Questions:
1. What is json data and how to read it in spark?
2. What if I have 3 keys in all line and 4 keys in one?
3. What is multiline and line delimited json?
4. Which one works faster - multiline or line-delimited?
5. How to convert nested json into spark DF?
6. What will happen if I have corrupted json file or invalid json file?

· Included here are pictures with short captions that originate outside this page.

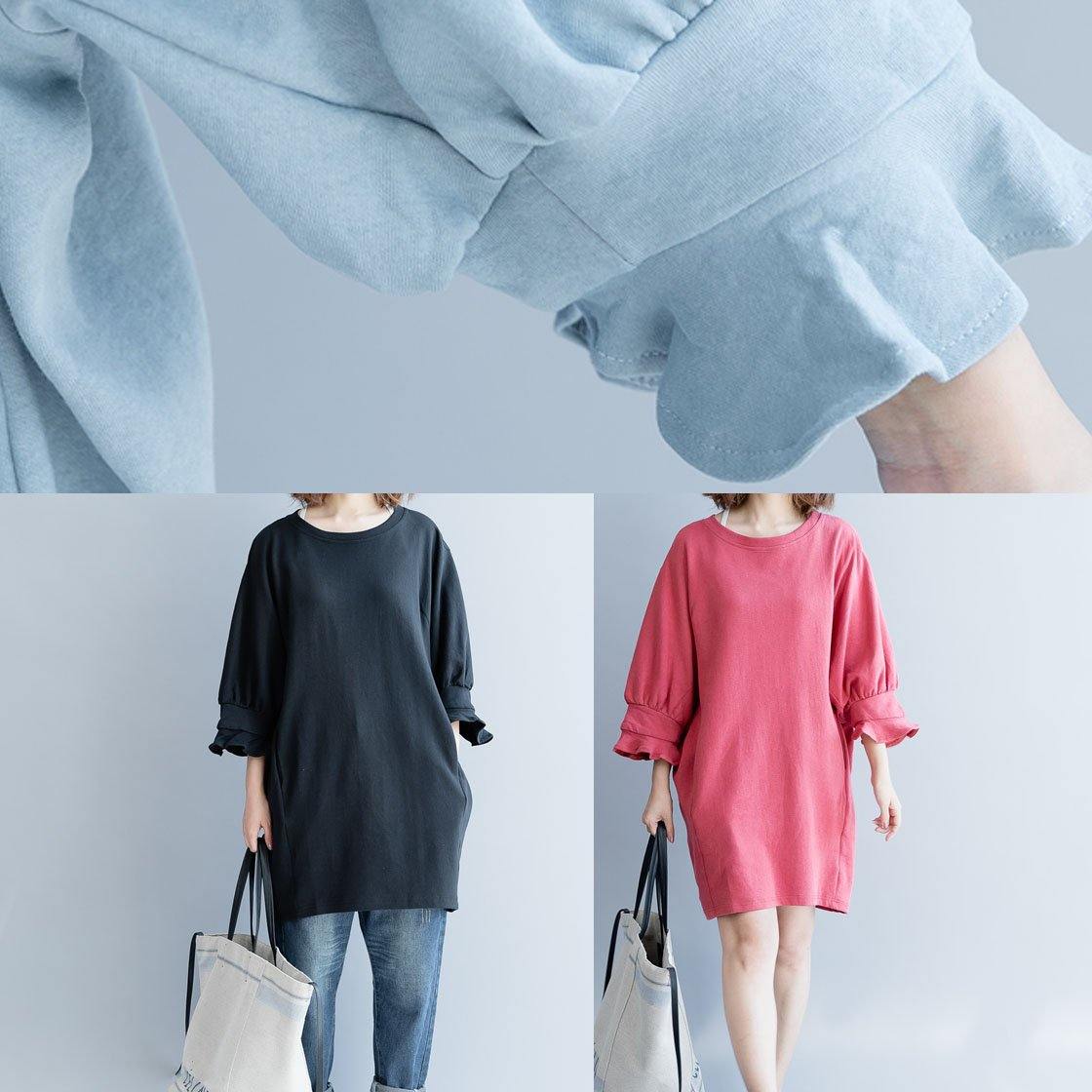 Lantern Sleeve Cotton Dress Inspiration Light Blue Dress Fall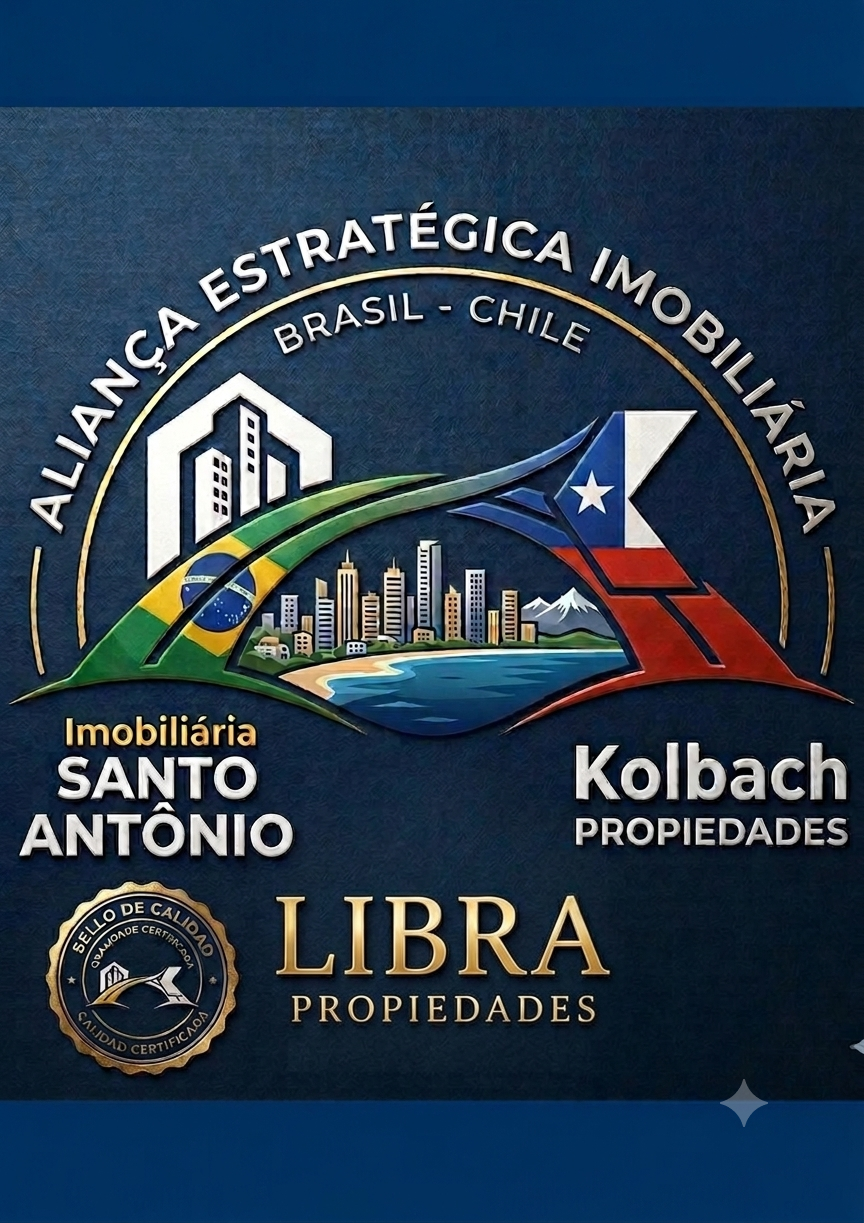 Sello de la Alianza Estratégica Inmobiliaria Brasil-Chile, entre Imobiliária Santo Antônio, Kolbach Propiedades y Libra Propiedades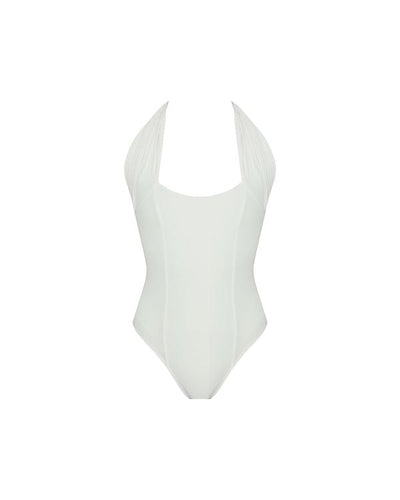 Ruched Tie Swimsuit - Off-White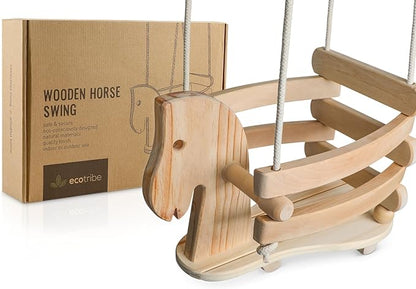Wooden Horse Baby Swing for Outdoor Porch or Patio. Wood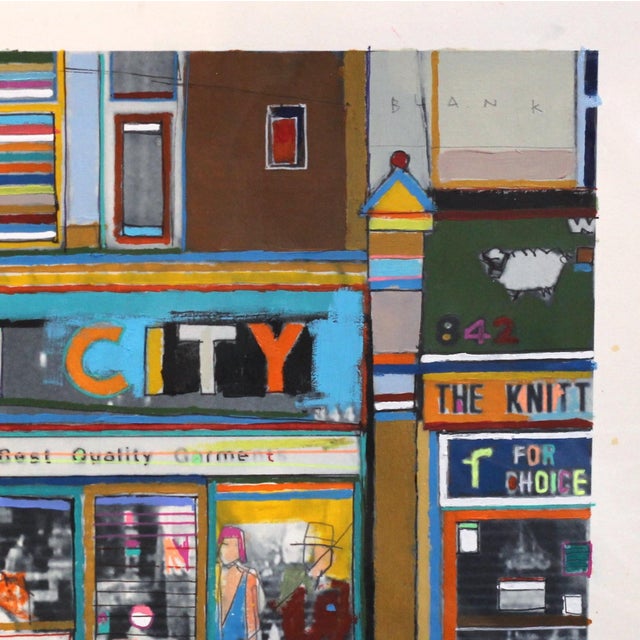 Contemporary Boom City, London - Original Contemporary London Cityscape Mixed Media Painting on Paper by Fabio Coruzzi For Sale - Image 3 of 10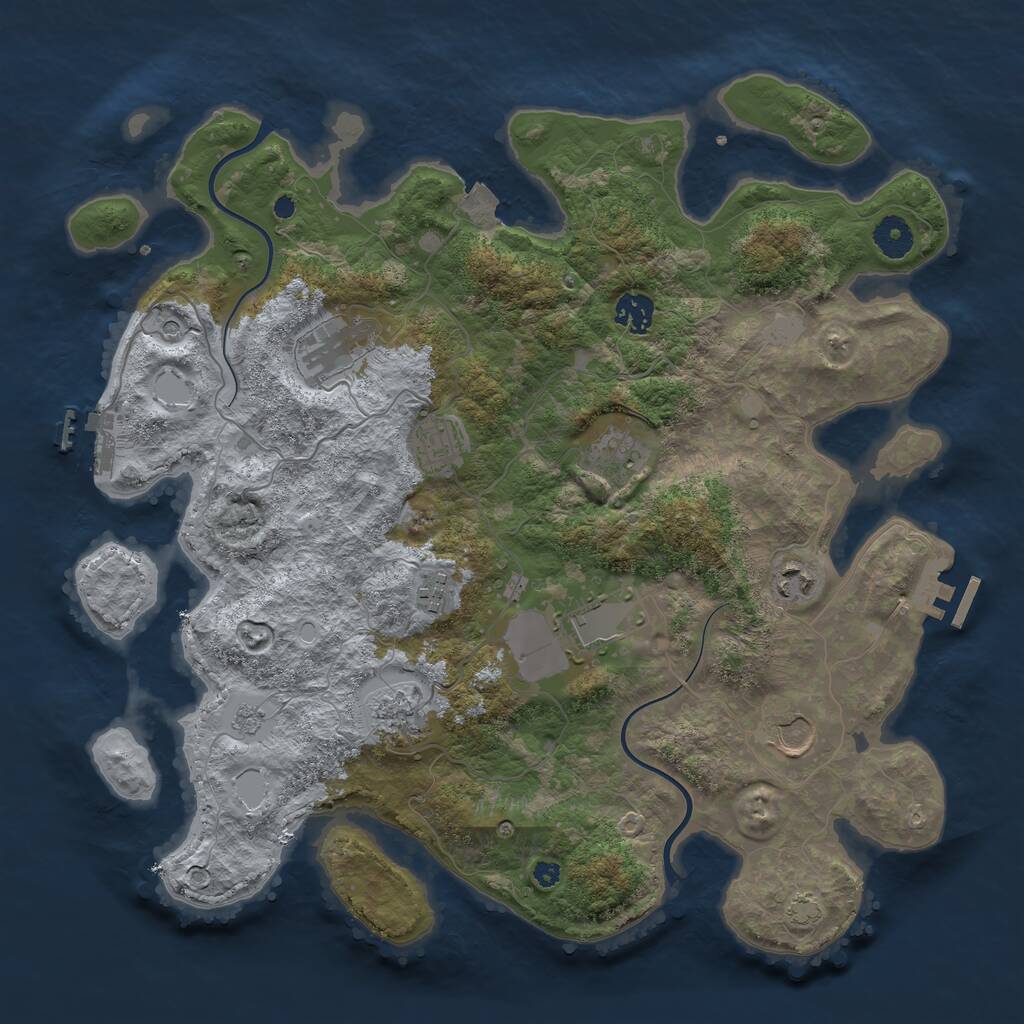 Rust Map: Procedural Map, Size: 3850, Seed: 1133439365, 15 Monuments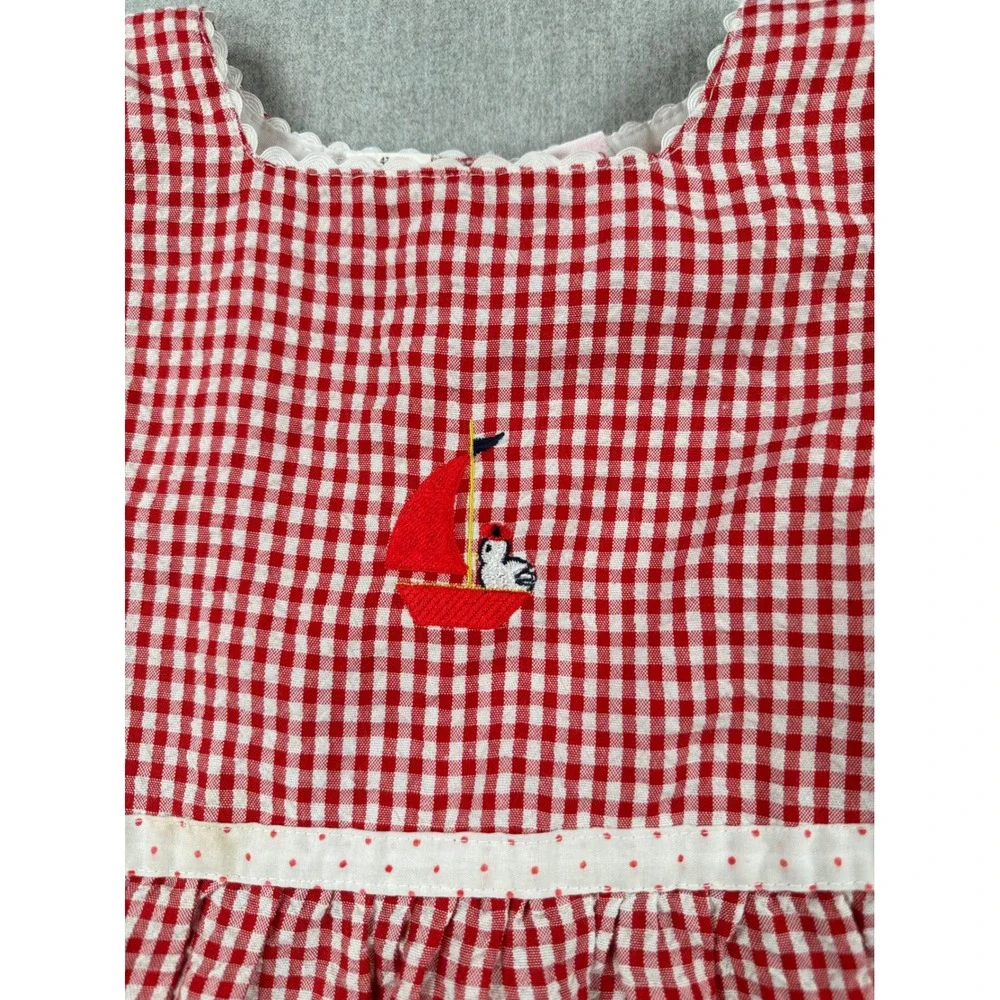 Sweetie Pie‎ Girls Red Gingham Sailboat Nautical Dress 4T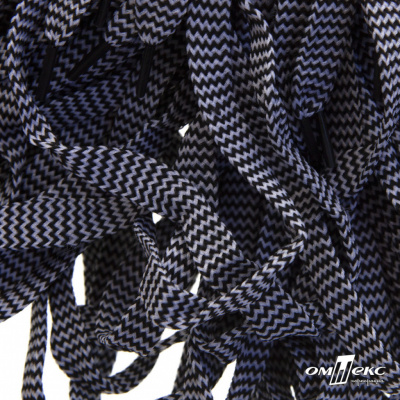Шнурки #107-07, плоские 130 см, двухцветные цв.серый/чёрный - купить в Орске. Цена: 23.03 руб.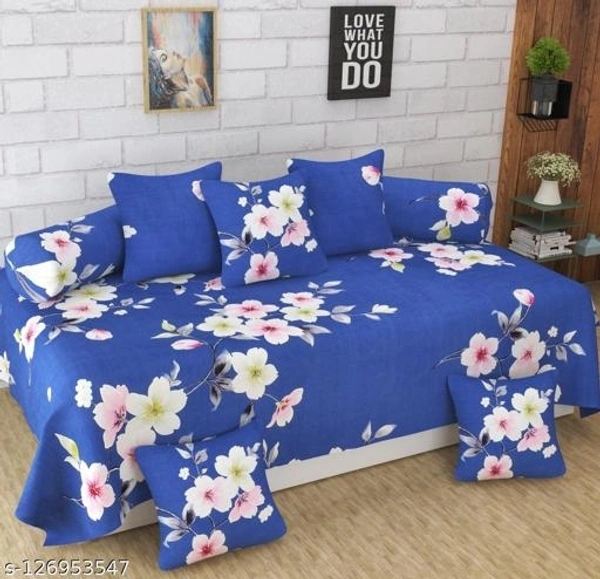 BADOTI Soft Glace Cotton Designer Printed Diwan Set, 1 Single Bedsheet, 2 Bolster Covers, 5 Cushion Covers (multicolor) - 8 Piece - Free Size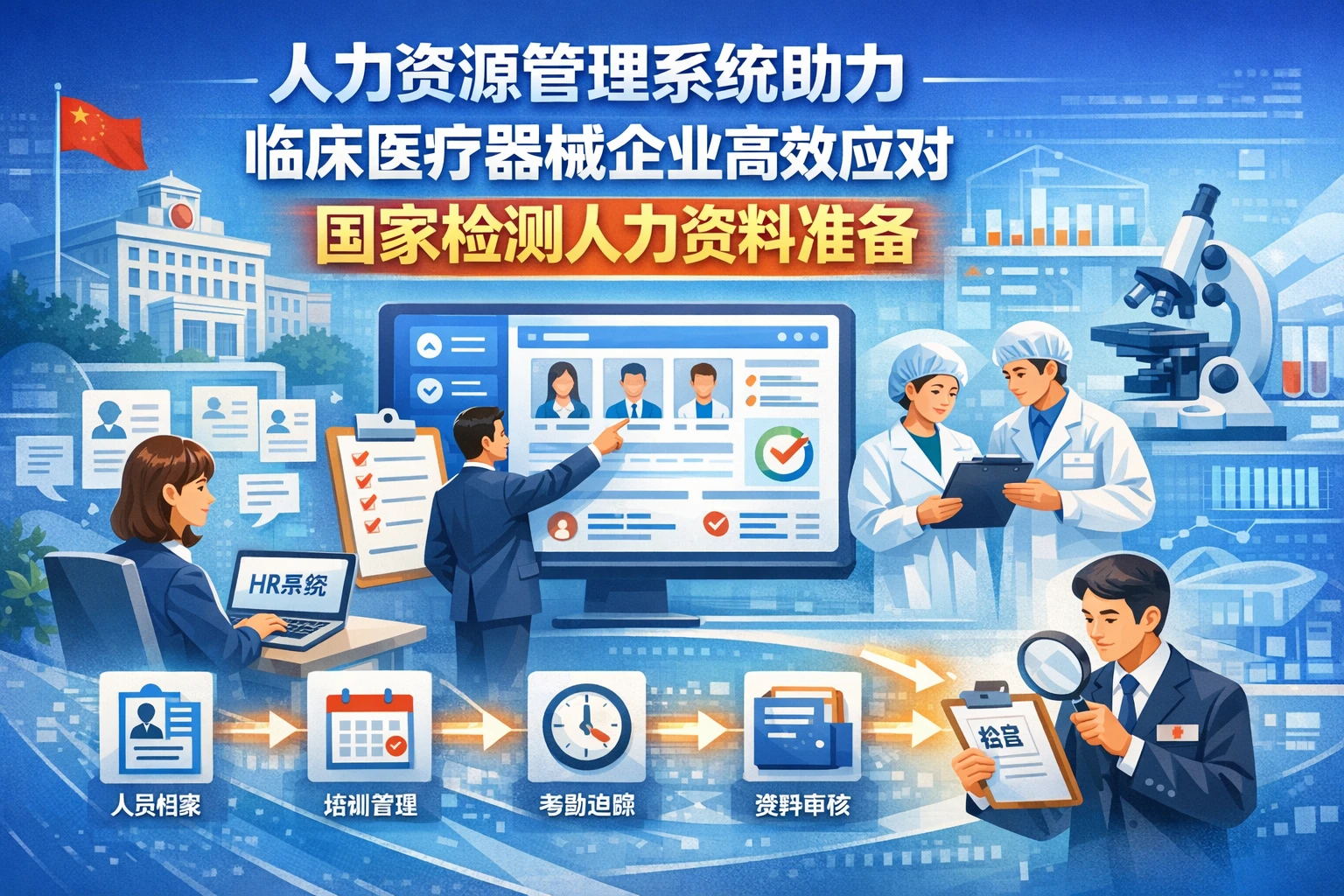 人力资源管理系统助力临床医疗器械企业高效应对国家检测人力资料准备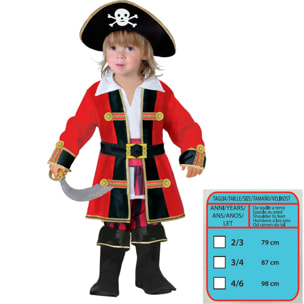 Costume Carnevale Capitano Dei Pirati Rosso Nero Bambino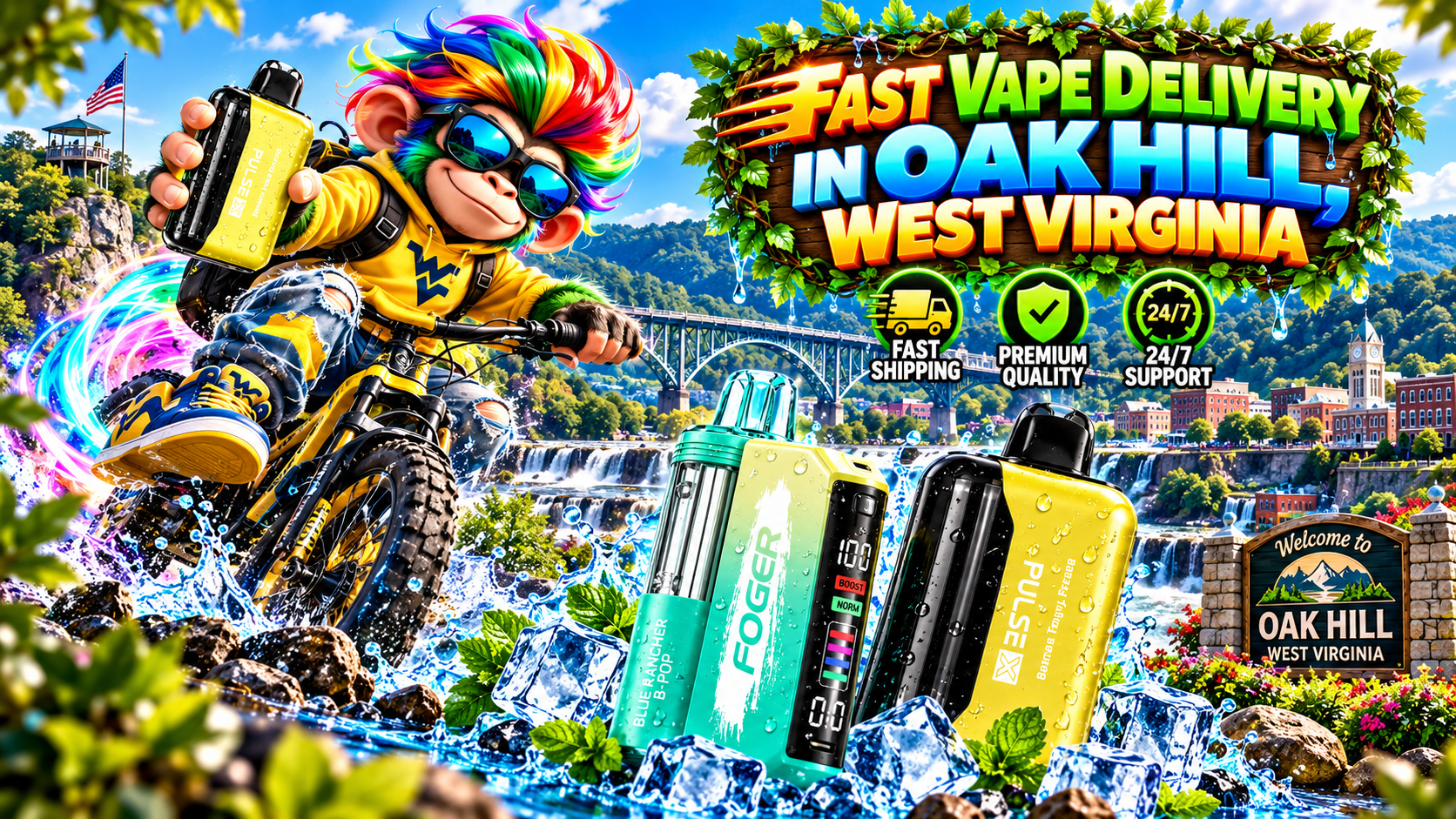 Colorful vape devices with water droplets, ice effects, and a sunny Oak Hill landscape with a bridge.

JSON -> JavaScript Object Notation\
key-value pair\

Structured Data (Tabular):
----------------------
| id | Name    | age |
----------------------
| 1  | Deep    | 26  |
----------------------
| 2  | Dibakar | 26  |
----------------------

Semistructured Data (JSON):

[
  {"id": 1, "Name": "Deep", "age": 26},
  {"id": 2, "Name": "Dibakar", "age": 26}
]

Difference between structured and Semistructured data is, if we had to add a new field/attribute for Deep, then in-case of structered data, we would have to add a new column and assign some value to the records (Null for the records that do not have that field/attribute). But in-case of semistructed data, we can just add that extra attrbute to the record that has that attribute and not add it to the records that do not have a dedicated value for that attribute.

Example:

Structured Data (Tabular):
-----------------------------------------
| id | Name    | age | Salary | Nominee |
-----------------------------------------
| 1  | Deep    | 26  | 20000  | Null    |
-----------------------------------------
| 2  | Dibakar | 26  | Null   | abc     |
-----------------------------------------

Semistructured Data (JSON):

[\
  {"id": 1, "Name": "Deep", "age": 26, "Salary": 20000},\
  {"id": 2, "Name": "Dibakar", "age": 26, "Nominee": "abc"}\
]

From the above examples, we can see that JSON gives us more flexibility.


<pre>
File uploaded to /FileStore/tables/line_delimited_json.json
File uploaded to /FileStore/tables/single_file_json_with_extra_fields.json
File uploaded to /FileStore/tables/corrupted_json.json
File uploaded to /FileStore/tables/Multi_line_incorrect.json
File uploaded to /FileStore/tables/Multi_line_correct.json
File uploaded to /FileStore/tables/file5.json
</pre>

In [0]:
spark.read.format("json")\
        .option("inferschema", "true")\
        .option("mode", "PERMISSIVE")\
        .load("/FileStore/tables/line_delimited_json.json")\
        .show()

+---+--------+------+
|age|    name|salary|
+---+--------+------+
| 20|  Manish| 20000|
| 25|  Nikita| 21000|
| 16|  Pritam| 22000|
| 35|Prantosh| 25000|
| 67|  Vikash| 40000|
+---+--------+------+



- By default, Spark reads line_delimited json files. For line_delimited files, it considers each line as one record and easily reads it.
- But for multi_line json we need to pass multi_line as true. As there is no stable way for spark to figure out where one record starts and ends, spark reads the whole file as an object and goes in the files to manually determine each record.
- Because of this, reading multi_line json file degrades the performance than reading line_delimited json file.
- To pass a multi_line json file correctly, we need to pass it inside a list (a list of dictionary). If we do not pass it in a list then spark will only read the very fast record and stop reading the rest.

Examples:
- Line delimited:
<pre>
{"id": 1, "Name": "Deep", "age": 26, "Salary": 20000},
{"id": 2, "Name": "Dibakar", "age": 26, "Nominee": "abc"}
</pre>

- Multiline:
<pre>
{
  "id": 1, 
  "Name": "Deep", 
  "age": 26, 
  "Salary": 20000
},
{
  "id": 2, 
  "Name": "Dibakar", 
  "age": 26, 
  "Nominee": "abc"
}
</pre>

In [0]:
spark.read.format("json")\
        .option("inferschema", "true")\
        .option("mode", "PERMISSIVE")\
        .load("/FileStore/tables/single_file_json_with_extra_fields.json")\
        .show()
# As the last record is the only one with the extra field, gender, so null is populated for other records that do not have the field in them.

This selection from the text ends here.